When I enter a 4-digit unlock code. Why do I then have to press the check mark? Granted with a fingerprint, this is mostly a non-issue. But with the iPhone, it wanted 4 numbers and when I entered them it accepted or rejected it.
I like the back button. But I’m never sure if it’s going to take me back a screen in the app I’m using or back to the home screen.
No mute switch
I miss the mute switch. My phone was silent when I was at work or out in public. It vibrated to alert me, it didn’t make a sound. Android is not silent.
Android is chatty
Bing. Boop. Blip. Donk. Everything makes a sound. Everything makes the same sound. I’ve taken to saying every time the alert sound goes off, “Something is happening! What could it be?” As I look at phone to see if it’s Facebook Messenger, Email, SMS, Twitter, Tumblr or some other app notifying me of something.
Facebook Messenger’s Bubbles
Who ever thought it would be a good idea to let Facebook Messenger’s little bubble show up over every single app on the phone should be fired. From a cannon. I can’t stand it. It’s enough to make me want to quit using it altogether.

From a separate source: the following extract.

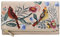 Anuschka Handbemalte Clutch Brieftasche mit Überschlag aus echtem Leder - Cardinal Family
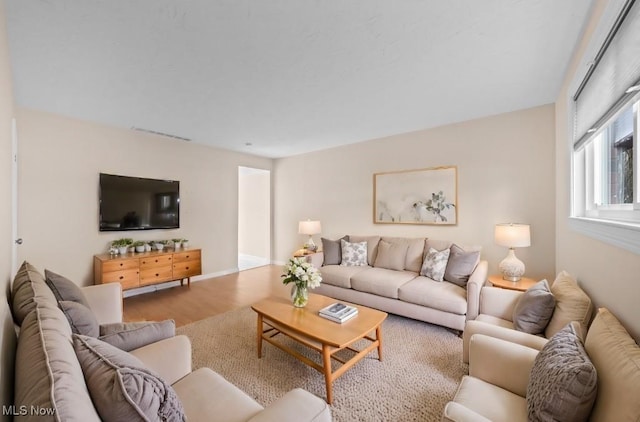 living room with hardwood / wood-style floors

Everything’s a bubble at the top of the screen now. Apps don’t have any visual identifiers that something is waiting for you. I really miss the little red badge on iPhone apps to let me know there’s a message waiting (SMS/Facebook Messenger/email). I forget to reply to people because I don’t remember there’s a new text waiting until I open the app.
Audiobooks and song from Spotify fly down to the device. Audiobooks especially seemed to take longer on the iPhone. Even downloading from Spotify to the phone took more time. I assume it has to do with writing to a file system versus however the iPhone handled it, but it’s been a noticeable improvement.
I love Apple’s emoji. They were big and beautiful. I texted them to my wife all the time and I loved using them in text. Google’s make me want to cry. They’re tiny and the people look like gelatinous Simpson characters.
Android is Linux
The phone requires tinkering. The phone slows way down sometimes. Pokémon Go fails to render animations without struggling at times. The scrolling is iffy. When I press the screen, I have to wait and see if the phone is struggling to fulfill my request or if it’s just sitting there like nothing happened.
The battery life of my Nexus 5X rivals that of my two-and-a-half year old iPhone 4. It’s terrible and I don’t believe in turning off every optional service to make a phone last through the day. A mobile device should have enough power to make it through the day.
Charger can’t keep up
When using Waze navigation in the car with a podcast or music playing, my phone’s battery still drains when connected to a charger. This reminds me of my original Droid from Verizon.